A puzzle is created. In fact, both types of parents can be accepted differently and controversially, but it can be solved and interpreted. I think the most important factor is to know your kid’s personality. I think before any challenge, parents should pay attention to their kid’s strengths and interests.

Every kid has their own individuality and approach. Every kid has their own potential and talents to develop and show. A parent’s job is not to lose this talent and help it to develop along. With the right words and proper approach, parents can fascinate and inspire their kids to achieve anything, whether it’s sports or science. The most significant goal is to help develop their potential in what they are good at.

The first support of developing your kid’s strong personality comes from us: parents. I believe in founding a kid’s great potential to bring them up higher, rather than ignoring them and finding excuses not to pay attention, and let them play video games all day long, for example. I do not believe it when some parents say that their kids do not like activities and they prefer not to push them. I believe that every kid has a special talent to bring up. I believe not in pushing, I believe in inspiring and fascinating our kids to be better, follow their potential, and grow up more educated. And our job as parents is to educate them to be brave, smart, and learn to look  widely at the world.

reading

What to Do When Your Kid Pushes Back

There are so many parents who feel frustrated when their kids do not respond to inspiration and conversation anymore. How do you deal with it? What stands behind this reason? Why do kids refuse to make contact with us?
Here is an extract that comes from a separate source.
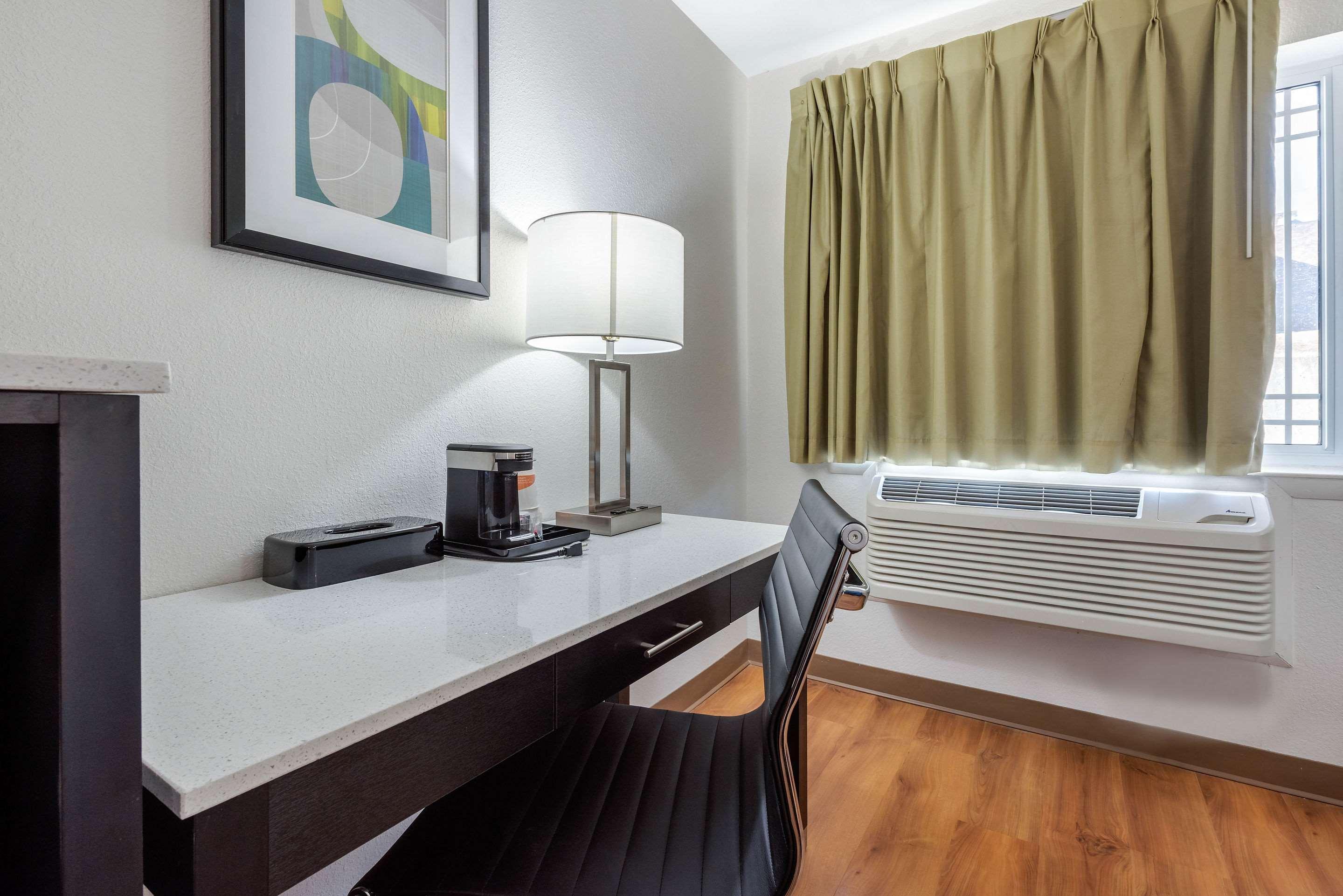 Quality Inn Coraopolis Eksteriør billede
When my son does not want to engage with me academically or socially, I try to figure out the reason first. The reasons vary every time. If he is tired of academic subjects, I try to incorporate other ways to learn. So if he doesn’t want to read an entire book about something, or he is having challenges absorbing everything from the book, we’ll watch documentaries on YouTube about the subject or find a comic book about it. That way, he’s still learning but doing it in a fun way.

Taekwondo

If he does not want to go to Taekwondo or swimming on some days, I give him a day off. Nevertheless, I look for the documentaries about martial arts or swimming on TV or search for a great article online. It helps my son to understand the importance of martial arts and sports in his life. Once, when we went to the library, I encouraged him to find a book about Michael Phelps. My son was so inspired by Michael Phelps’s story after reading the book, he decided to continue swimming to be stronger and became more serious about it. These examples of successful icons, like Michael Phelps, help him to persevere and not quit.

Engaging and working with your kid is not an easy job. It is a challenge that takes time, grit, and persistence. To be a full-time mom is a full-time job; my son is my project, and I want him to succeed, which is my goal in life. If I can apply myself to reach this goal, then I will be completely satisfied with my responsibilities as a mother and parent.